I think more facts are necessary to adequately answer this question. Such as:
(1) Has child support been ordered by the court?
(2) Is there an action pending regarding custody/support? If so, which state?
(3) Is the mother on any sort of public assistance?
(4) Is there any sort of custodial/visitation plan?
Generally speaking, the parents can agree to any amount of child support. And that includes no child support payments (Fam. Code § 3580 et seq.). Under most circumstances, the court will approve such an agreement. But you should get that agreement in writing and file it with your local family law court. Be advised, that a parent cannot forever waive the RIGHT to seek child support. Thus, if you file a stipulation stating that the mother has agreed to not receiving support, it's on the record. And then you won't look like a 'deadbeat' if she tries to get support at a later date.
Your circumstances may be different. You should make certain to have frequent and continuous contact with the children too. And establish a solid visitation plan (i.e. have the children visit during extended school holidays, etc.).

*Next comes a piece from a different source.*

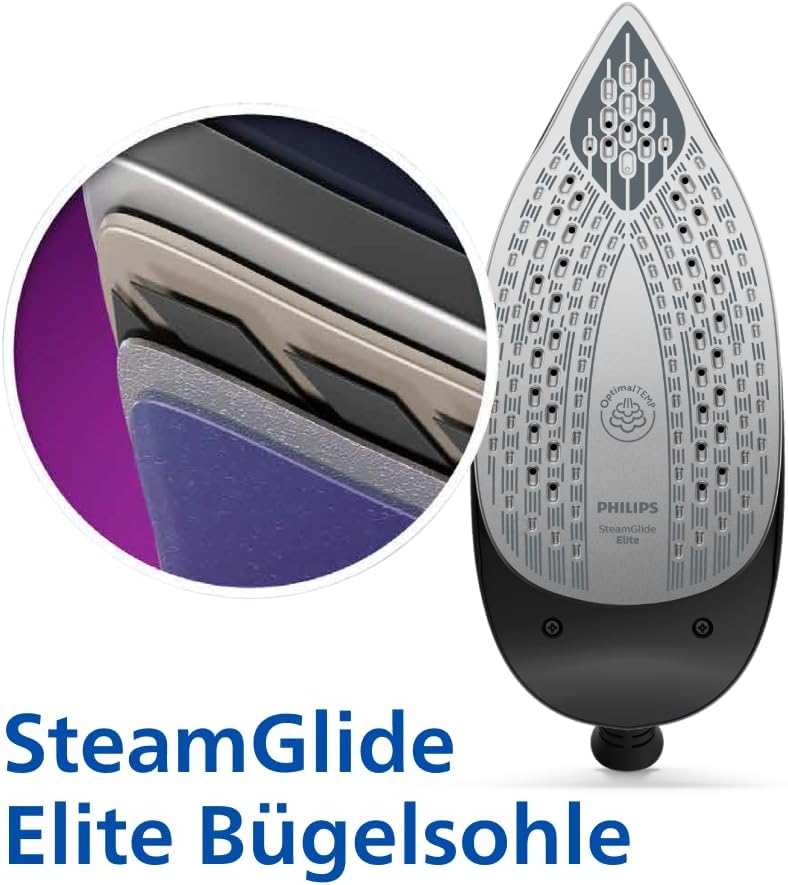 Philips PerfectCare Dampfbügelstation 7000 Serie, 650 g Dampfstoß, 8,5 Bar, SteamGlide Elite-Bügelsohle, automatischer intelligenter Dampf (PSG7300/80) – Bild 5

The above are just the general basics. If you provide more specifics, you will probably get a more specific answer...
The prior attorney's answer is very good, and his advice should be followed. Too add to that advice, another thing you can do is contact the department of child support services in the county where Mother and the children live, and ask that they establish a support order.
Please note that it's somewhat of an odd request because the situation is odd. In other words, it's an unusual situation where the non-custodial parent (in this case the Father) wants to pay support and the custodial parent (Mother) doesn't want to take it.
On that note, my guess is that Mother probably thinks that if she accepts support payments, that she will have an obligation regarding Father's visitation rights. That is flawed thinking, as paying or not paying support does not create or abolish custody/visitation rights. Both children and each parent have a right to see each other (e.g., custody and visitation rights), regardless of whether and how much support is being paid. Custody/visitation and child support are two separate issues. It is true that the timeshare percentage can alter the "guideline" support amount when it comes to determining such amount. But, the right of contact between child and parent is not altered by paying or not paying support.
In any event, if Department of Child Support services establishes an order for support, then Father will pay support directly to the State Disbursement Unit, not to Mother. Hence, he will have a record of paying support.
I get the feeling there is more than meets the eye in this situation. Probably best if you sit down with a family law lawyer so he/she can get all the facts to better advise you.